Andando hacia los cien años, Tula todavía prepara algunos dulces

Andando hacia los cien años, Tula todavía prepara algunos dulces

Andando hacia  los cien años, Tula todavía prepara algunos dulces

Tula interviene poco en el negocio, pero lo hace, en la elaboración de dulces. eric javier

Santa Cruz de El Seibo.- Juana Chalas Mercedes tiene 98 años. Los cumplió al principio del verano pasado y ya, en el segundo tercio de esta primavera, se prepara mentalmente para su cumpleaños 99.

Y cualquiera puede hacerse la idea de que se organiza para una fiesta, pero no es así; en realidad algunos achaques propios de toda vida extendida la mortifican un poco, como este de que su estómago no es eficiente como hace cuatro o cinco décadas.

Los años, después que se entra en la pendiente, tienden a llegar acompañados de dificultades a veces poco notables, pero acumulativas. Pueden ser aliviados, pero eliminados, ¡jamás!

Sus casi 99, no le impiden sin embargo arreglarse para irse a la galería de su casa a observar el ir y venir de vehículos y personas en su pueblo, Santa Cruz de El Seibo y, desde luego, hacer todavía algo de lo que ha vivido durante unos 70 años: ¡dulces!

No es Juana, es Tula

Desde luego, si alguien va en este momento al pueblito, se detiene en el parque central o junto a la iglesia de los tiempos coloniales por donde suele haber parroquianos a la sombra de un árbol o bajo una glorieta y pregunta si le pueden ayudar a encontrar a Juana Chalas Mercedes, nadie podrá orientarle porque esa persona existe, pero nadie la conoce.

Es, en realidad, un nombre en el Registro Civil, que no sirve para nada cuando se ha impuesto Tula, un apodo de toda la vida, convertido hoy en día en una marca sinónimo de calidad en la elaboración de dulces.

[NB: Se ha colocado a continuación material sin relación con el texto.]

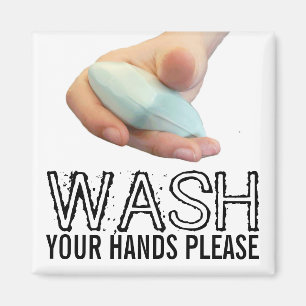 Aimant Lavez-Vous Les Mains, S'Il Vous Plaît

Un nombre que puede ser encontrado en un cartelito puesto en la envoltura de celofán o en las cajas de cartón utilizadas para empacar, pero también como un pequeño letrero, casi discreto, en la parte frontal de un anexo de la casa familiar a donde ha ido a dar la operación comercial de la dulcería.

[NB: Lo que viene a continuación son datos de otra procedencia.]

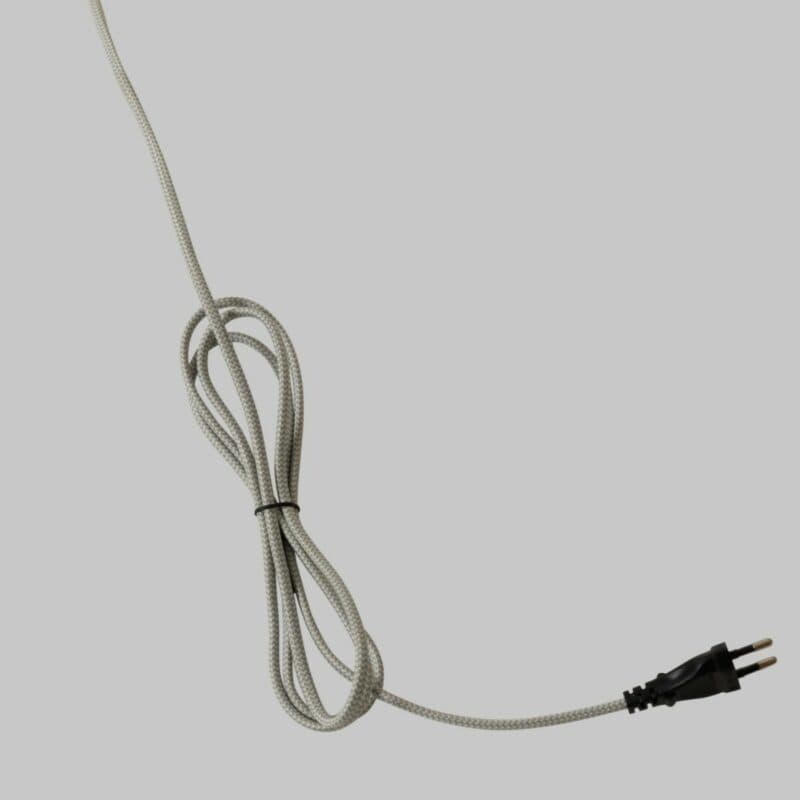 It's about Romi Wandleuchte Stavanger in Beige Detailansicht Kabel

En el caso de Tula el negocio del dulce es un emprendimiento personal, muy personal por cierto, que después, cuando fue empujada por la necesidad y una situación particular en su vida, pasó a ser una operación familiar, pero de alcances limitados, como casi todo en El Seibo.

La primera piedra

Tula es una mujer sencilla que todavía, cuando echa mano de su memoria puede dar algunas fechas, pero otras son apenas recuerdos imposibles de precisar, conservados como momentos notables de la vida.

Conserva, esto sí, rasgos de un carácter determinado que saca a la luz cuando se refiere a su vida junto a Miguel Jiménez, el compañero de su vida ido a otro plano hace ya mucho tiempo, con el que discutió alguna vez unas dificultades contra las que se proponía luchar.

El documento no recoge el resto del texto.